H.S. Udaykumar (left) and graduate student Matt Mercer with the Hawkeye Solar Cooker, which is designed to provide a sustainable method for cooking food.

H.S. Udaykumar (left) and graduate student Matt Mercer with the Hawkeye Solar Cooker, which is designed to provide a sustainable method for cooking food.

India native H.S. Udaykumar (Uday) recently took his parents on a pilgrimage to the Himalaya Mountains. Even as he struggled to drive on the rough, narrow roadways, Uday was struck by the beauty he saw around him.

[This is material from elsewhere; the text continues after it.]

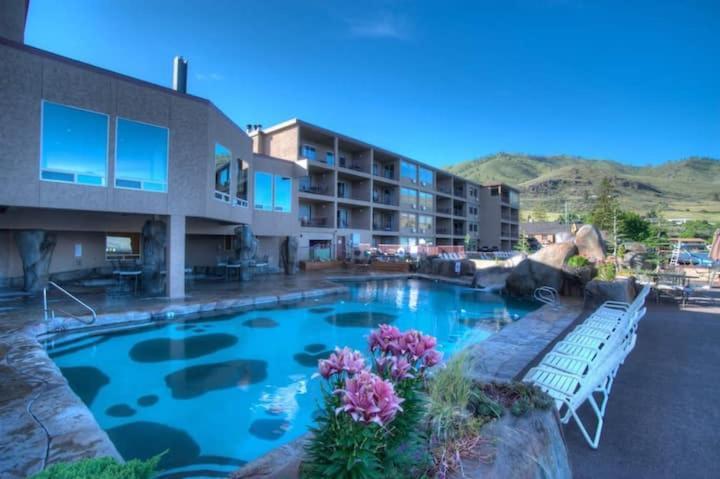 Grandview Lake Chelan- Waterfront View, Pool, Hot Tub, Golf, 1 Min To Downtown ภายนอก รูปภาพ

Then Uday noticed his father, a civil engineer, gazing at the hills with an altogether different look in his eyes. His father asked, “You know what would be a good idea? A ropeway connecting these two hills.” Uday cringed, and at that moment, something he had known for some time became crystal clear. “My dad’s the real engineer at heart. I’m a reluctant engineer,” he admits. “I still don’t want to be an engineer most days.”

Uday is an IIHR research engineer and a professor in the Department of Mechanical and Industrial Engineering. He uses computational methods to solve complex issues. “I find myself drawn to problems that are difficult,” he says.

A Voice for Change

But what Uday would really like to do is to drive energy policy at the state or national level, influencing policy-makers as a writer and scholar. He’s interested in the social and behavioral issues that impact the way we use energy. He wants to make a difference.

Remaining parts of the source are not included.